Google spreadsheets will import lots of things (xml, atom, rss). WordPress provides lots of specific feeds (author, tag, categories, combinations thereof).

So step one is to get the author feed – for example http://rampages.us/fren330/author/sheehantm/feed/. You can then use the IMPORTXML formula in GSS to import that XML and do some XPATH parsing of the pieces. In this case I used =IMPORTXML(“http://rampages.us/fren330/author/sheehantm/”,”//p”) to pull out the paragraphs. I can then share the document with just that student and comment on the paragraphs using the Insert>Comment stuff built into GSS. You can see an image of that below and below that is the embedded document in all its odd glory/shame.

Screen Shot 2014-09-17 at 3.38.45 PM


1 I think it makes a nice cheat to be able to analyze text from an RSS feed using more commonly held SS skills. There are a few other things I’m kicking around in my head as well.

Comments on this post

  1. David Croteau said on September 17, 2014 at 6:29 pm

    I think you’re on to something important.

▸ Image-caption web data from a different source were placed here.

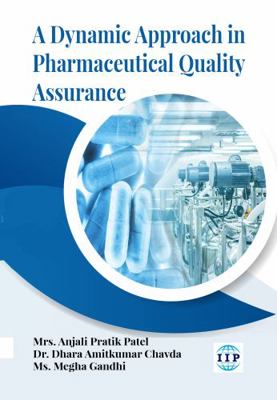Dynamic Approach in Pharmaceutical Quality Assurance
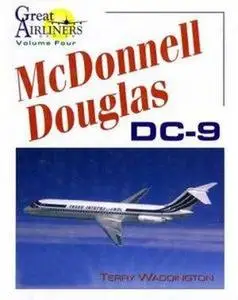 McDonnell Douglas DC-9 (Great Airliners Series Volume Four) (Repost)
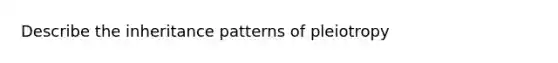 Describe the inheritance patterns of pleiotropy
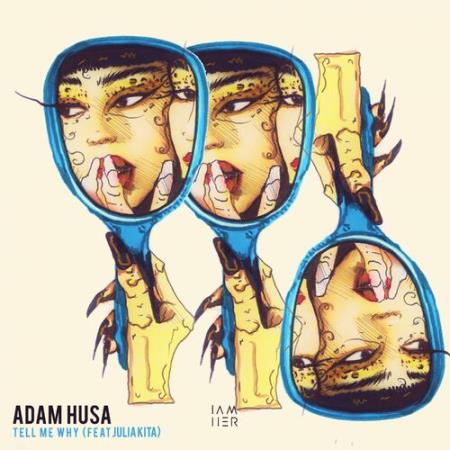 Adam Husa feat. Julia Kita - Tell Me Why (2022)
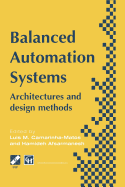 Balanced Automation Systems: Architectures and Design Methods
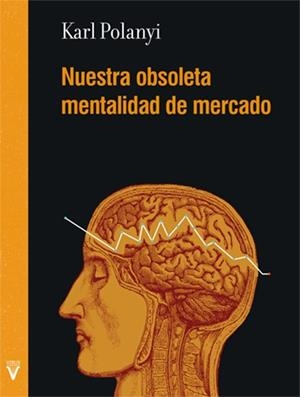 NUESTRA OBSOLETA MENTALIDAD DE MERCADO | 9788492559893 | POLANYI, KARL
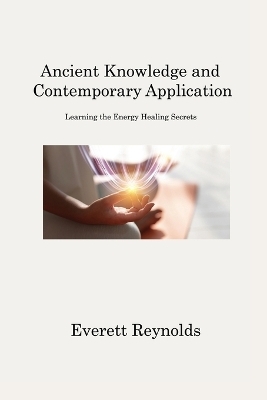 Ancient Knowledge and Contemporary Application - Everett Reynolds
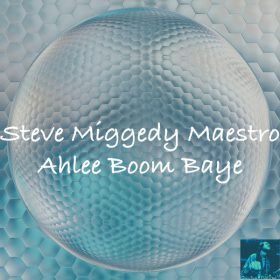 Steve Miggedy Maestro - Ahlee Boom Baye (Remixes) [Miggedy Entertainment]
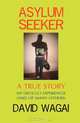 Asylum Seeker, David Mwangi Wagai 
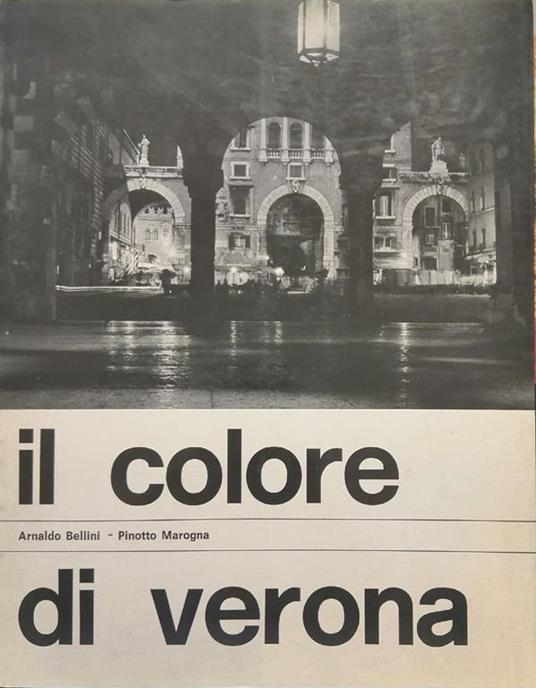Il Colore Di Verona - Arnaldo Bellini - copertina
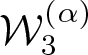 script upper W 3 left parenthesis alpha right parenthesis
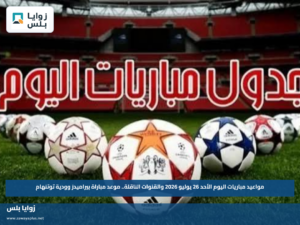مواعيد مباريات اليوم الأحد 26 يوليو 2026 والقنوات الناقلة.. موعد مباراة بيراميدز وودية توتنهام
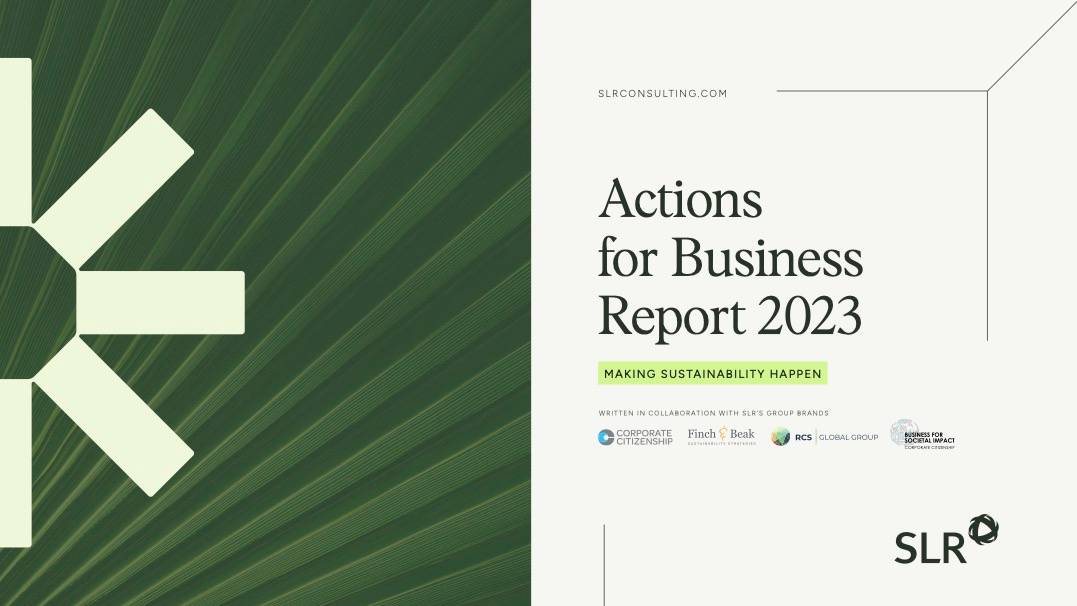 SLR’s Actions for Business Report 2023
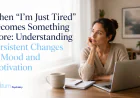 When “I’m Just Tired” Becomes Something More: Understanding Persistent Changes in Mood and Motivation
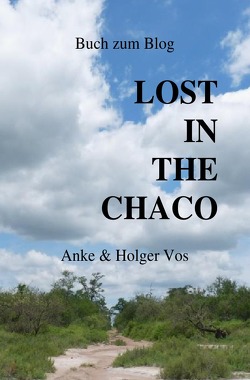 Lost in the Chaco von Vos,  Anke, Vos,  Holger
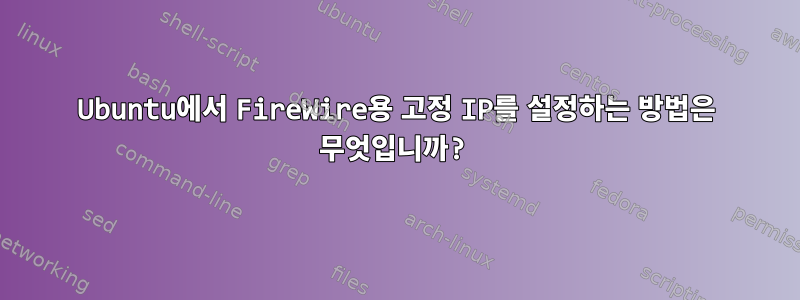 Ubuntu에서 FireWire용 고정 IP를 설정하는 방법은 무엇입니까?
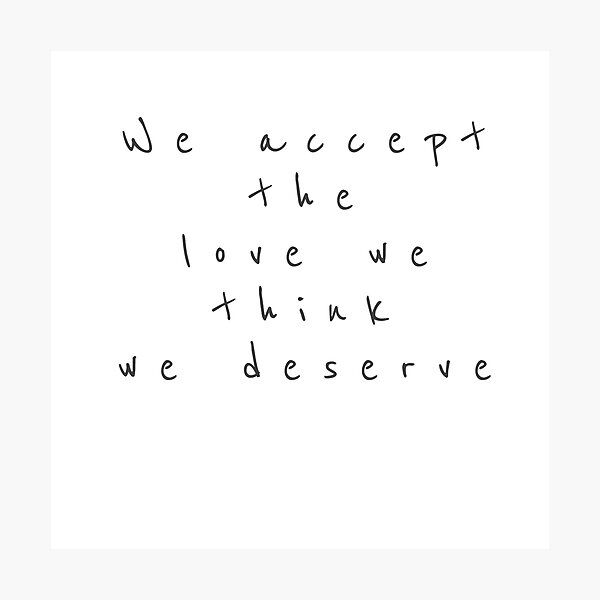 Item preview, we accept the love we think we deserve designed and sold by coramarjorie.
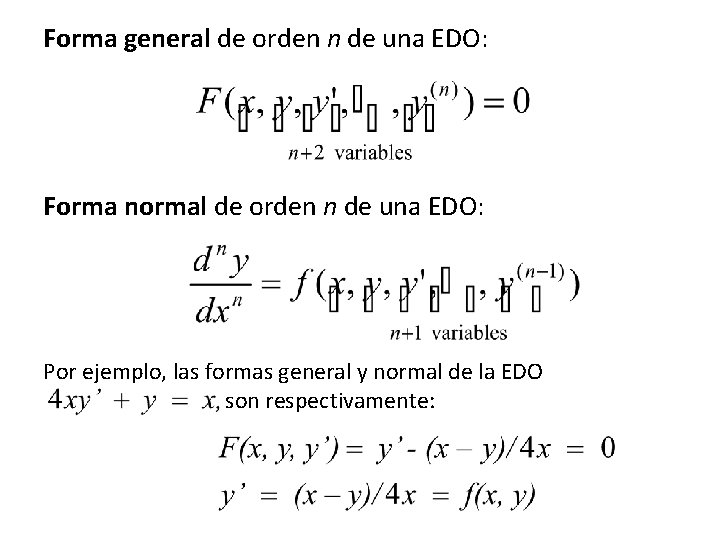 Forma general de orden n de una EDO: Forma normal de orden n de Forma general de orden n de una EDO: Forma normal de orden n de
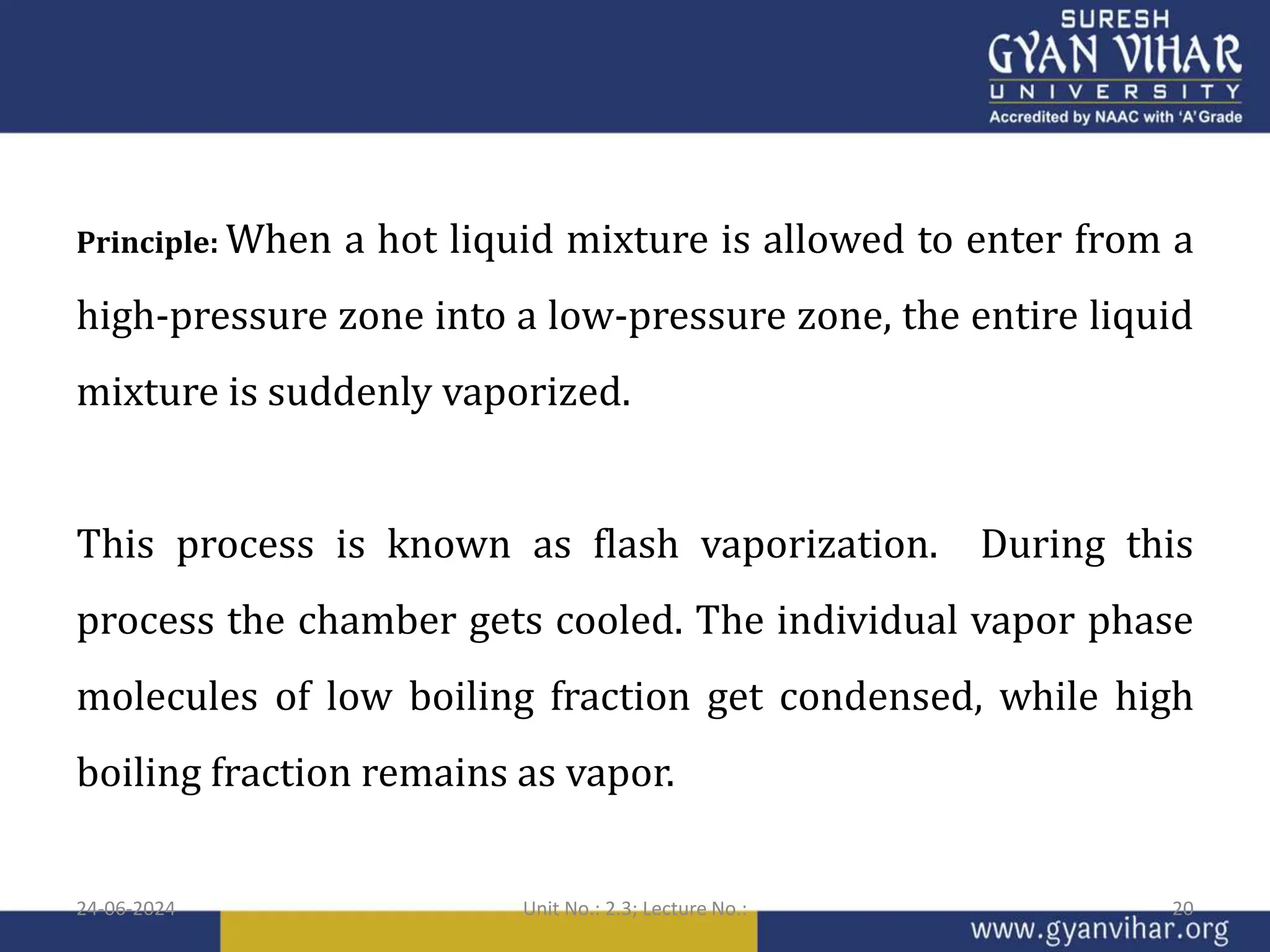 Principle: When a hot liquid mixture is allowed to enter from a
high-pressure zone into a low-pressure zone, the entire liquid
mixture is suddenly vaporized.
This process is known as flash vaporization. During this
process the chamber gets cooled. The individual vapor phase
molecules of low boiling fraction get condensed, while high
boiling fraction remains as vapor.
24-06-2024 Unit No.: 2.3; Lecture No.: 20
 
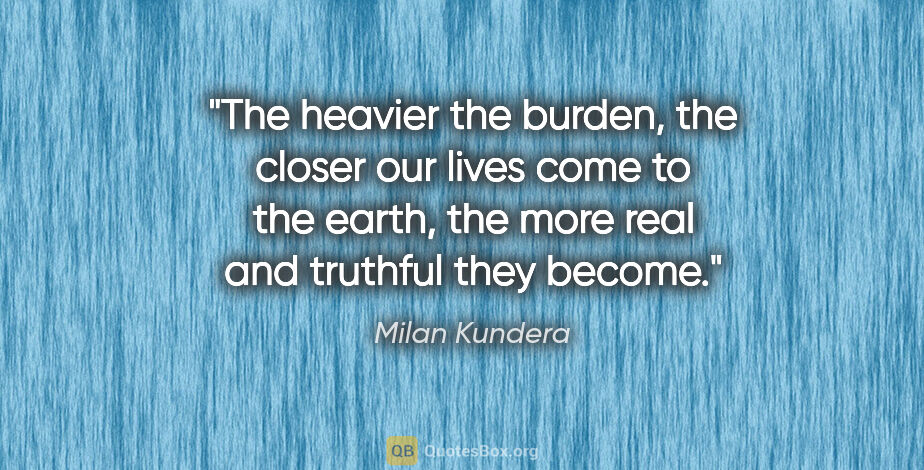 Milan Kundera quote: "The heavier the burden, the closer our lives come to the..."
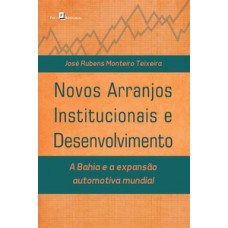 NOVOS ARRANJOS INSTITUCIONAIS E DESENVOLVIMENTO: A BAHIA E A EXPANSÃO AUTOMOTIVA MUNDIAL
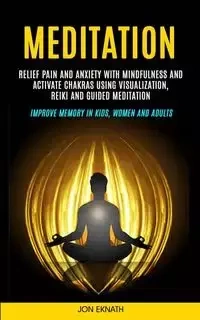 Meditation - Jon Eknath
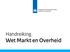 Handreiking Wet Markt en Overheid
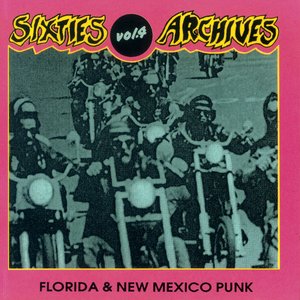 Imagem de 'Sixties Archives, Vol. 4: Florida & New Mexico Punk'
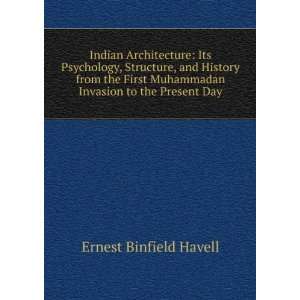 Indian Architecture Its Psychology, Structure, and 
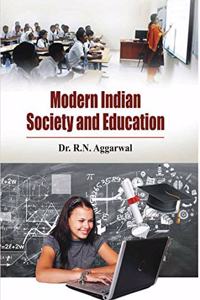 Modern Indian Society and Education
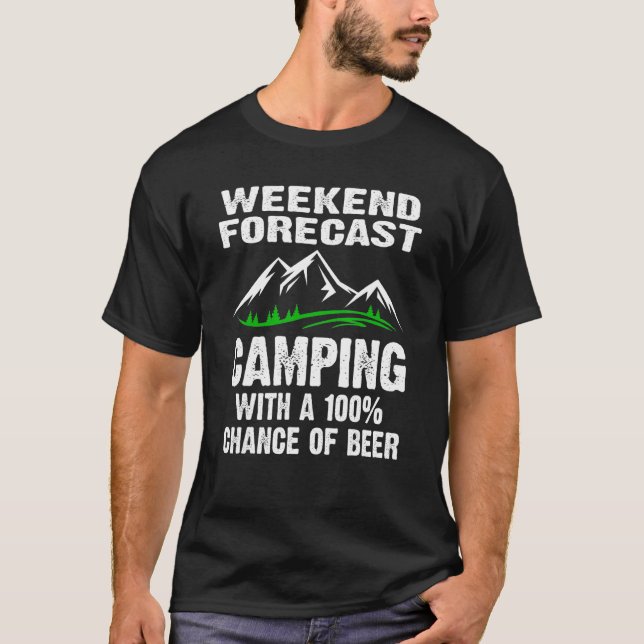 T-shirt Prévision Du Week-End Camping Avec Une Chance De B (Devant)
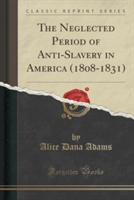 Neglected Period of Anti-Slavery in America (1808-1831) (Classic Reprint)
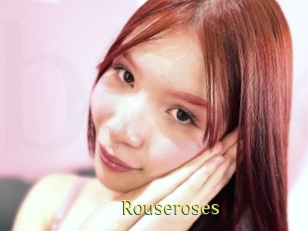 Rouseroses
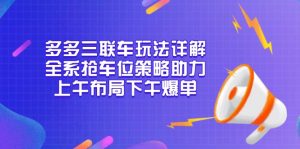 多多三联车玩法详解，全系抢车位策略助力，上午布局下午爆单-威云科技 余香的脑洞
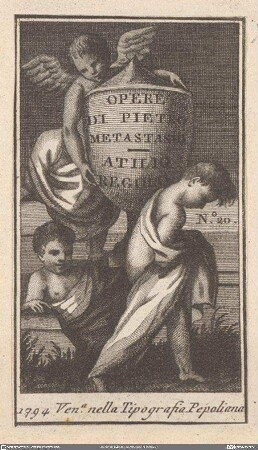Opere Di Pietro Metastasio. Atilio Regolo. No. 20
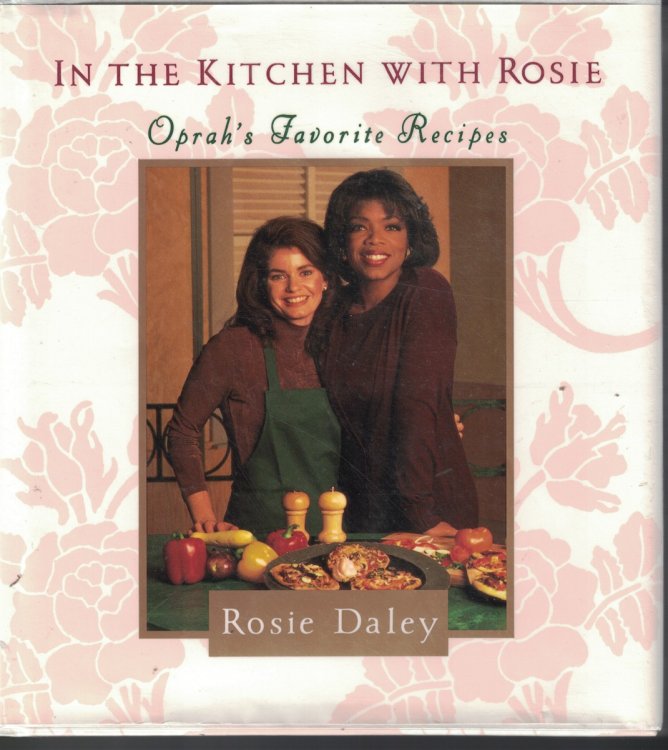 In The Kitchen With Rosie : Oprah'S Favorite Recipes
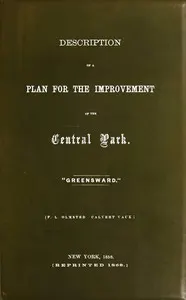 Description of a plan for the improvement of the Central Park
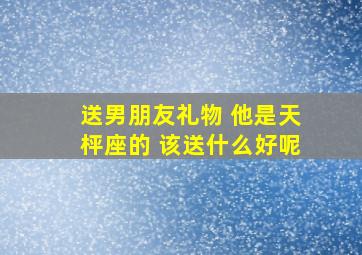 送男朋友礼物 他是天枰座的 该送什么好呢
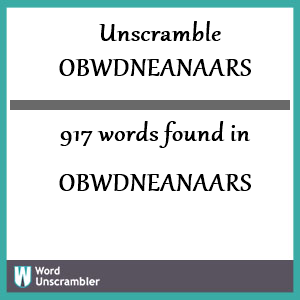 917 words unscrambled from obwdneanaars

The ephemeral nature of commenting on student work is always an issue. We’ve all had the queasy feeling that all the time and energy we’ve spent commenting on work is ignored, even when revising. Having comments fed to a document like this could be a game-changer in that it creates a permanent–and interactive–record of comments through a semester. And what a great way to document an instructor’s feedback.

    The format and details of this are all up for grabs, I suppose, but the basic idea is really a great one.